Un gruppo di manager esperti, scelti fra quelli dei quattro livelli più alti, furono seguiti per un anno mentre guidavano le proprie unità in quei tempi caotici. Alla fine di quel periodo, ciascuno di essi venne valutato in base a parametri quali il miglioramento della produttività, i premi incassati e il rapporto salario/budget. Emerse un'ampia gamma di risultati: alcuni leader realizzarono solo il 17 per cento dei propri obiettivi, mentre altri arrivarono a raggiungerne l'84 per cento.

Il maggiore successo arrise a coloro che si erano affidati a uno stile di leadership di trasformazione. In realtà, leader che si avvalevano prevalentemente di uno stile di management standard sembravano più che altro intenti a cercar di controllare e di limitare i dipendenti.

I leader di maggior successo erano giudicati da chi lavorava per loro come individui altamente carismatici e flessibili. Essi sembravano diffondere il proprio senso di fiducia e di competenza e ispiravano gli altri a essere più immaginativi, capaci di adattamento e inclini all'innovazione.

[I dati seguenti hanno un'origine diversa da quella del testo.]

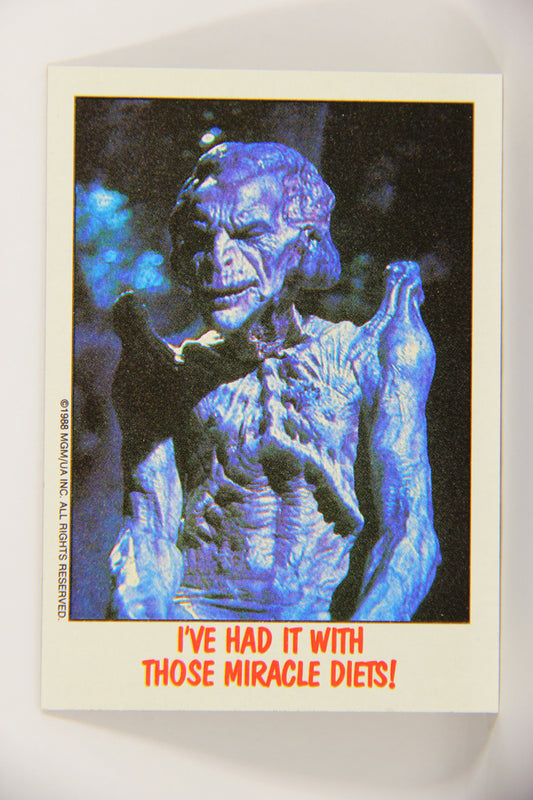 Fright Flicks 1988 Trading Card #72 I've Had It with Those Miracle Diets ENG Topps L021275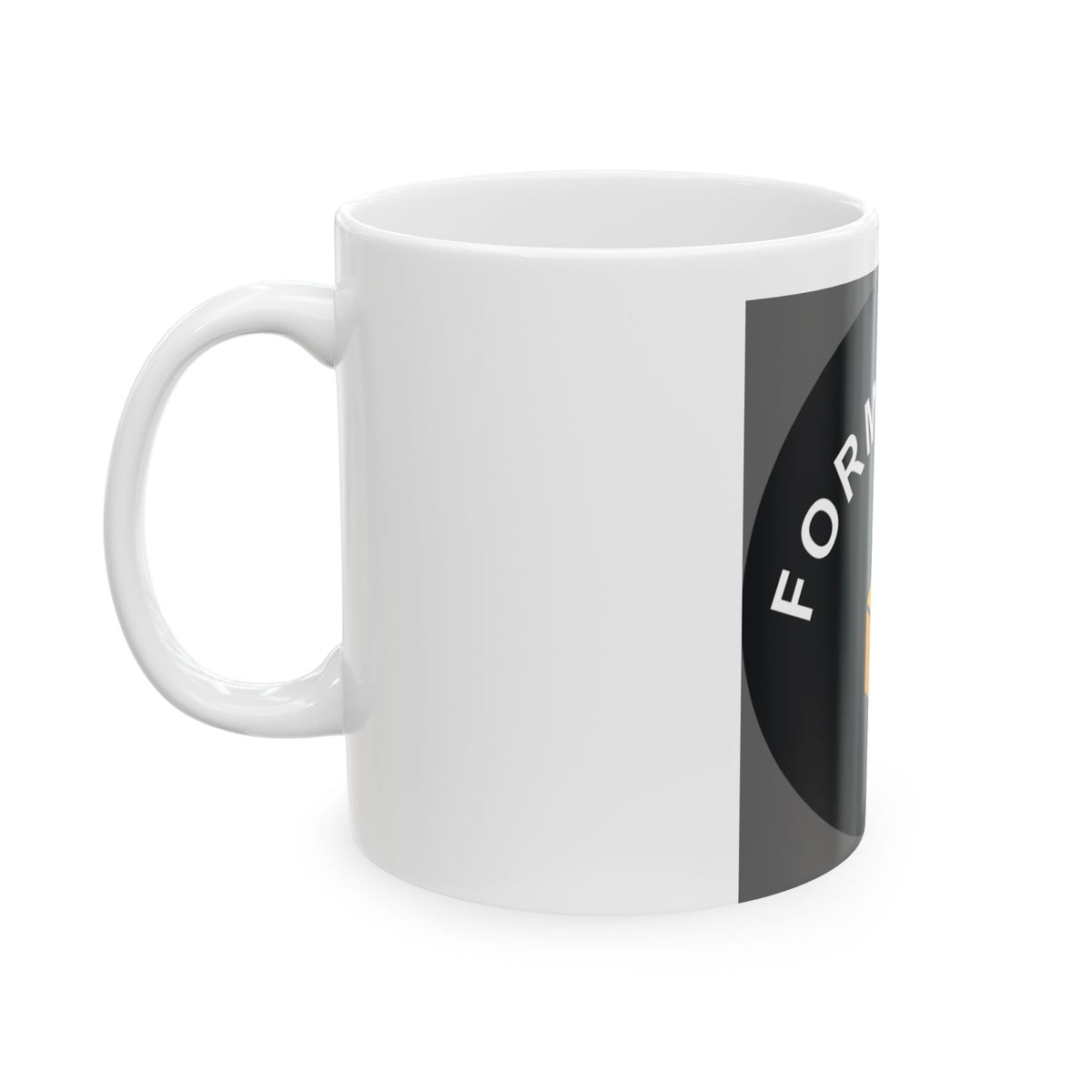 FormForge Logo Ceramic Mug — Branded 11oz & 15oz Coffee Cup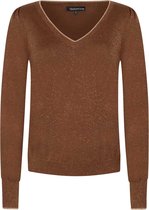 Tramontana | Jumper Lurex | Hazelnut | Maat XL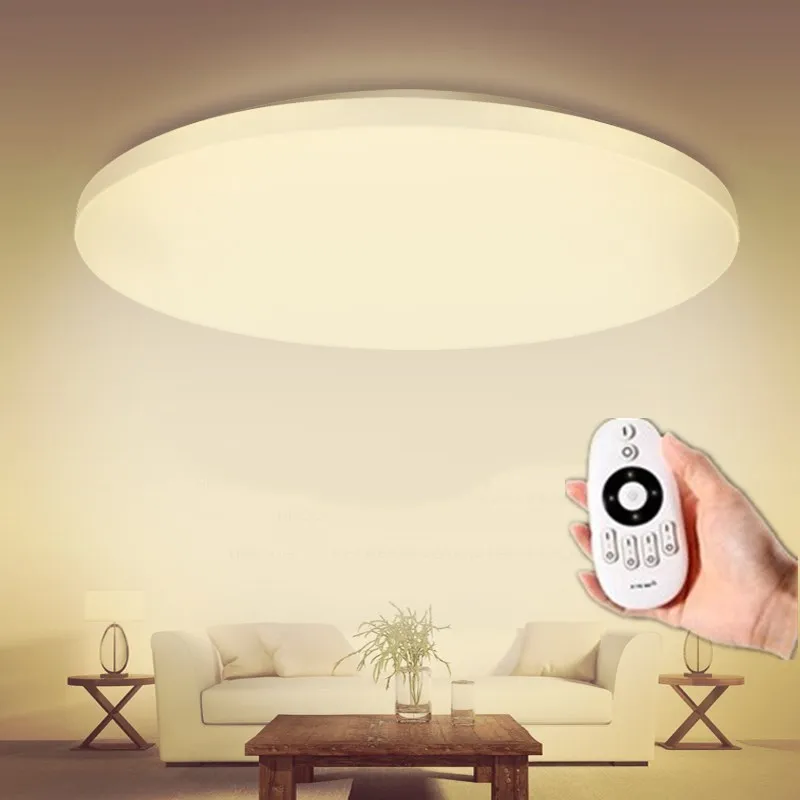 Strop 18W NOVÉ Moderné LED Stropné svietidlo S 2.4 G RF Diaľkové Skupiny Kontrolovaných Stmievateľné Farby Lampa Obývacia izba, Spálňa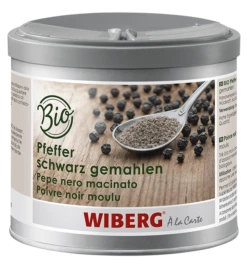 WIBERG BIO Pfeffer Schwarz Gemahlen (470 Ml)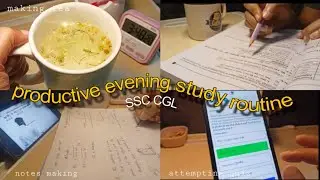 study vlog : lots of notetaking, making tea, study routine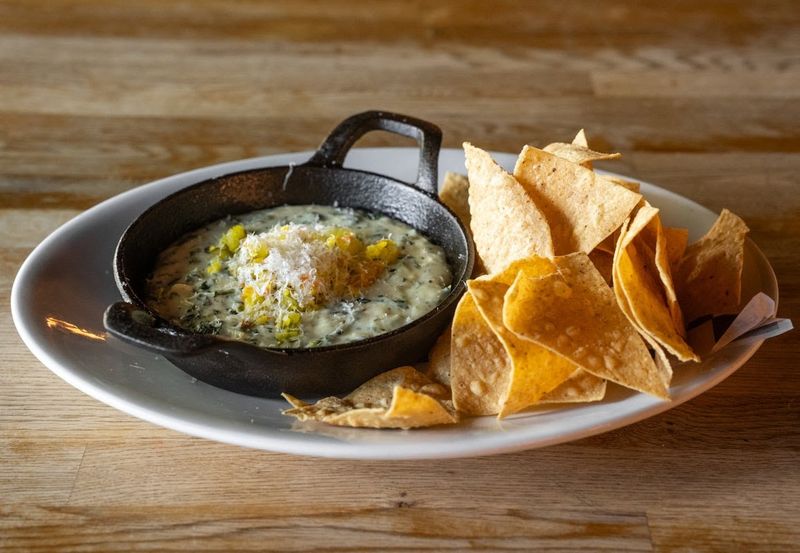 Cast Iron Spinach Dip Arrives Sizzling
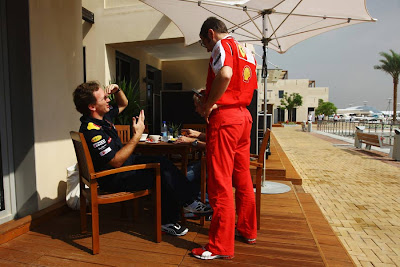 Стефано Доменикали пришел в гости к Кристиану Хорнеру на Гран-при Абу-Даби 2010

Questo studio riecheggia quello che John Kotter, esperto di leadership presso la Harvard Business School, cita come la differenza fra «management» e «leadership».8-49 Nella sua accezione dei due termini, management si riferisce alle modalità grazie alle quali imprese complesse vengono mantenute ordinate, non caotiche e produttive. Leadership, invece, si riferisce alla capacità di pilotare i cambiamenti indotti dalla competitività e dalla precarietà dei tempi.

Come afferma Kotter, «la motivazione e l'ispirazione trasmettono energia alle persone, e lo fanno non spingendole nella giusta direzione come se fossero dei meccanismi di controllo, ma soddisfacendo esigenze umane fondamentali quali la realizzazione dei propri obiettivi e il nutrire un senso di appartenenza, un sentimento di controllo sulla propria vita, e la capacità di vivere in armonia con i propri ideali. Questi sentimenti ci toccano nel profondo e suscitano in noi una straordinaria risposta». A questo livello, dunque, la leadership è un'arte emotiva.